DIRECTIONS: From the listing below, retype exactly the line holding "Lot de 50 mini", the line holding "A pair of gold", and the lines between them; skip everything else.

MATERIAL FOR THIS TASK:
=== Section Start ===

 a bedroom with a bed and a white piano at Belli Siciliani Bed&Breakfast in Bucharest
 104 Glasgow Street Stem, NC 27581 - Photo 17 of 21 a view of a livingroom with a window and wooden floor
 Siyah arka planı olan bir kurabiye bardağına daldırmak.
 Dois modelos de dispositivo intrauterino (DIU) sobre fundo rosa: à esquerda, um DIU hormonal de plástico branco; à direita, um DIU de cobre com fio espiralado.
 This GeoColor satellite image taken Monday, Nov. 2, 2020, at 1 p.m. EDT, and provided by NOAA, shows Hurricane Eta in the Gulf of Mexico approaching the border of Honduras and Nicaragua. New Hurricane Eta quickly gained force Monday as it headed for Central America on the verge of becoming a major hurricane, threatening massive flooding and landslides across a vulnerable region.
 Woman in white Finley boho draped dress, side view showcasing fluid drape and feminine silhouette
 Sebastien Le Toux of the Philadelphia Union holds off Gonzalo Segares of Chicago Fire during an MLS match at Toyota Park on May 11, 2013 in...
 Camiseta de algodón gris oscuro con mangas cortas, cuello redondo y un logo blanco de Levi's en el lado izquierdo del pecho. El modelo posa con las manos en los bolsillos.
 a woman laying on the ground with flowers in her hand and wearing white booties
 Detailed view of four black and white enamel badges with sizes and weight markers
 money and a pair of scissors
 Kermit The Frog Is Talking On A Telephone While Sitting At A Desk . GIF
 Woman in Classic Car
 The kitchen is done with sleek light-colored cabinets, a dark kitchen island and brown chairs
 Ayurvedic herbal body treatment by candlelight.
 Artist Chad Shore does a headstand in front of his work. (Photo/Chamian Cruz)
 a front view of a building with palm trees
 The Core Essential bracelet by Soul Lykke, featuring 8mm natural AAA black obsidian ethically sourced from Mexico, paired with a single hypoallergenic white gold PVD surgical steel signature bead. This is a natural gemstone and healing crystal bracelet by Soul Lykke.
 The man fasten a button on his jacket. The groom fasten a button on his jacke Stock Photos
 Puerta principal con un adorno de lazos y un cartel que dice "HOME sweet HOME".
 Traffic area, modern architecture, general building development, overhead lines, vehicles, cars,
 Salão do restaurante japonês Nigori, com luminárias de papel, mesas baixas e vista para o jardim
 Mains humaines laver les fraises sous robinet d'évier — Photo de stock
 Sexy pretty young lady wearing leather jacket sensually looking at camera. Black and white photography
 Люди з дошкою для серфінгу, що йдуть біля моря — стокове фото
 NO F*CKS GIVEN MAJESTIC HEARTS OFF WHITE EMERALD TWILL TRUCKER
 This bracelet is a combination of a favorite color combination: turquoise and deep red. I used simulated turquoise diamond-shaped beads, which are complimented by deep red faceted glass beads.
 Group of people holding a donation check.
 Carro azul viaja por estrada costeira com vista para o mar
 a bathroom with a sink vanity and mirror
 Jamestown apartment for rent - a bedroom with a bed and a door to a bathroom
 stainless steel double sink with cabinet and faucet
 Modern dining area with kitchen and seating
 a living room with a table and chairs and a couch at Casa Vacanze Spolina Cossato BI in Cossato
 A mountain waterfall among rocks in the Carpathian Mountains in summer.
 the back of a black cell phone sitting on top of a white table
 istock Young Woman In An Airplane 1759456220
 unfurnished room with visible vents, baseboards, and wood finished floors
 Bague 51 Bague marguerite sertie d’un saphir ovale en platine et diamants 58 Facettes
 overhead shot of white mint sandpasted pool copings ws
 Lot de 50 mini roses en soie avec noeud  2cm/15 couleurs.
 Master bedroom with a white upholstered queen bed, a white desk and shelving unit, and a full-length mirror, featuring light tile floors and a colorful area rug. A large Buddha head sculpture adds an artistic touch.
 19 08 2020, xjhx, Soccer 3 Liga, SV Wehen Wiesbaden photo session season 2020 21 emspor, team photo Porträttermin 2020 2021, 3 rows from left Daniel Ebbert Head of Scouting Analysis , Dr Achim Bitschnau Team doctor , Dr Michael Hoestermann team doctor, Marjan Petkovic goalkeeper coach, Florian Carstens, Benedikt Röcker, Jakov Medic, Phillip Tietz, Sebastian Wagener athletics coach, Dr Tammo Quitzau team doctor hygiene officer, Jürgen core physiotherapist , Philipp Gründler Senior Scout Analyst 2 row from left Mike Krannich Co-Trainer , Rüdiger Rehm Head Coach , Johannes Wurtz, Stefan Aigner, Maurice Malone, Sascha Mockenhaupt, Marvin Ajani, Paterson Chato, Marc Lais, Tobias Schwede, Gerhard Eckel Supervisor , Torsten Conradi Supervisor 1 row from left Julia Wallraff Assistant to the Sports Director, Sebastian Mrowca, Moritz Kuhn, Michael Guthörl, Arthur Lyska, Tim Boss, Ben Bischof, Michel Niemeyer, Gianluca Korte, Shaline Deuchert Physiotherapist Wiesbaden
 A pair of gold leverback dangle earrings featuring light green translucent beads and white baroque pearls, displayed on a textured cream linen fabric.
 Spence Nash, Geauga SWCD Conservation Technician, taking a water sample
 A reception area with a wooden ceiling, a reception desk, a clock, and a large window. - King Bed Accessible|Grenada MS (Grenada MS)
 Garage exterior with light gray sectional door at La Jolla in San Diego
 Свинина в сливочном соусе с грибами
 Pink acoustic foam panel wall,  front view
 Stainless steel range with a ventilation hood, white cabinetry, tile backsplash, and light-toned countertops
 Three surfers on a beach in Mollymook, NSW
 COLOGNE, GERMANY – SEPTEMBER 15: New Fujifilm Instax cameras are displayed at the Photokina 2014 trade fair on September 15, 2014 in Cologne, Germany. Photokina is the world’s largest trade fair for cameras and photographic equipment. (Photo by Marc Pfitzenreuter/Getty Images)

=== Section End ===

ANSWER BOX:
 Lot de 50 mini roses en soie avec noeud  2cm/15 couleurs.
 Master bedroom with a white upholstered queen bed, a white desk and shelving unit, and a full-length mirror, featuring light tile floors and a colorful area rug. A large Buddha head sculpture adds an artistic touch.
 19 08 2020, xjhx, Soccer 3 Liga, SV Wehen Wiesbaden photo session season 2020 21 emspor, team photo Porträttermin 2020 2021, 3 rows from left Daniel Ebbert Head of Scouting Analysis , Dr Achim Bitschnau Team doctor , Dr Michael Hoestermann team doctor, Marjan Petkovic goalkeeper coach, Florian Carstens, Benedikt Röcker, Jakov Medic, Phillip Tietz, Sebastian Wagener athletics coach, Dr Tammo Quitzau team doctor hygiene officer, Jürgen core physiotherapist , Philipp Gründler Senior Scout Analyst 2 row from left Mike Krannich Co-Trainer , Rüdiger Rehm Head Coach , Johannes Wurtz, Stefan Aigner, Maurice Malone, Sascha Mockenhaupt, Marvin Ajani, Paterson Chato, Marc Lais, Tobias Schwede, Gerhard Eckel Supervisor , Torsten Conradi Supervisor 1 row from left Julia Wallraff Assistant to the Sports Director, Sebastian Mrowca, Moritz Kuhn, Michael Guthörl, Arthur Lyska, Tim Boss, Ben Bischof, Michel Niemeyer, Gianluca Korte, Shaline Deuchert Physiotherapist Wiesbaden
 A pair of gold leverback dangle earrings featuring light green translucent beads and white baroque pearls, displayed on a textured cream linen fabric.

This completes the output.